Mayor forms committee to address men’s homelessness

April 29, 2021   ·   0 Comments

By Sam Odrowski

While Orangeville has emergency shelter services for youth, women and children, the issue of men’s homelessness has not yet been addressed.

To take the first step in developing a solution to the problem, Mayor Sandy Brown brought forward a motion at a Council meeting on Monday (April 26) to form a Mayor’s Special Committee on Men’s Homelessness, with the goal of creating a men’s emergency shelter.

A delegation in support of the committee from Terrance Carter of Carters Law and Matthew McLean, Pastor of the Good Friends Fellowship Church, which operates a daily community meal program called the Lighthouse, have both seen the issue of men’s homeless impacting Orangeville firsthand and shared their stories.
“There’s a big hole and a problem to be fixed in our area,” said Mclean. “There is no 100 per cent proof foolproof plan to get everyone off the streets, but there are ways to improve dramatically.”

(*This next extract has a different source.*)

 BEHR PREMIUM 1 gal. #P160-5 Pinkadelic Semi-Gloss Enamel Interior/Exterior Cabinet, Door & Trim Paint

The Good Friends Fellowship Church began helping individuals who found themselves without a permanent address or lodging last year by putting them up in motels until the County of Dufferin, which runs some homelessness programs, could provide some assistance.

“The news of what we are doing began to spread in the community and soon we had to make some serious decisions on whether we would continue to take on more cases or not,” said McLean.

“Then we approached Teen Ranch and asked if they’d be willing to house some of our patrons there for a short time. I started off with, ‘this is probably a bad idea.’ and then I presented it, which is not a good way to do a pitch, but it went forward. Teen Ranch agreed and we’ve been housing men in that amazing location since late fall 2020.”

Since it launched, a total of 10 men have been housed there and other forms of support have been provided to many more.

The Lighthouse’s meal program currently serves about 25 people per day, which represents a vulnerable sector in Orangeville and the surrounding area. Through the program, Mclean said he’s had the opportunity to hear people’s stories, identify with their challenges, and sympathize with their pain.

During Carter’s delegation to Council, he said over the last seven years, he’s seen several men who are in need of an emergency shelter, often times in the back alley of his building.

His first encounter was with a man named Ben who was curled up in the corner behind Carters Law on 211 Broadway early in the morning at the end of October and was very cold, with nowhere to go. Given the situation, Carter put him up in a motel room and brought him over dinner that night, before connecting him with the County of Dufferin, which provided assistance in the short term.

McLean has been helping Ben more recently and said he use to wander the streets, lonely, talking to himself, but through the work done by volunteers of the Lighthouse, Ben now has his own apartment, works part time and is doing well.

“Another man’s story that’s quite touching too, he lived in a tent at Island Lake for three years and for three years, he had no bath or shower, and if you let that sink in for a little bit, that’s summer and winter,” said McLean.  

The man has since received help and now has his own apartment. He is safe and secure.

But there are many who face a similar struggle.

“One of our cases lived out of a storage unit here in Orangeville and they’ve been there for some time until he slipped in early spring on ice, cracking his head and ending up with some head trauma,” McLean recalled. “They’re still investigating further the severity of the damages and he is with us still right now presently, at Teen Ranch, part of the Lighthouse initiative.”

The last case McLean shared with Orangeville Council was about a young man in his early 30s with a wife and two kids who lost his job.

“His home and family life falls apart, he moves out, but with no income or supports around him to take care of his basic needs, he finds himself on the streets,” McLean noted. “He is with us at Teen Ranch. He has a job interview tomorrow [April 27], pray for him.”

Coun. Debbie Sherwood, who volunteers at the Orangeville Food Bank, said she offered a ride home to one of their clients and because he had no fixed address, he asked to be dropped off in the forest behind the industrial park area of town.

“It broke my heart. He had nowhere to go… and I thought to myself, how fortunate was I to have a home address to go to,” she remarked.

The agreement with Teen Ranch to house those who are homeless will continue for one more month, unless they cannot operate their summer programs due to the COVID-19 pandemic, so McLean is looking at alternatives going forward.

He noted that the Lighthouse’s efforts through Teen Ranch are great for short and midterm transitional housing but a permanent men’s emergency shelter is needed to truly address homelessness.

Another issue with the current system that supports homeless individuals is that while the County of Dufferin provides motel vouchers, they’re only given out to people who have been homeless for at least 14 days.

“That’s 14 days of on the streets with no fixed address and that’s really difficult sometimes,” said McLean. “It is difficult for the county, it’s difficult for us. It’s difficult for anyone that has seen it.”

When asked if the pandemic has worsened homelessness locally, McLean says it has but the issue has been growing for several years.

The next steps for the Mayor’s Special Committee on Men’s Homelessness are to develop a term of reference and put out a request for volunteers.

More information regarding the committee will be released as it becomes available.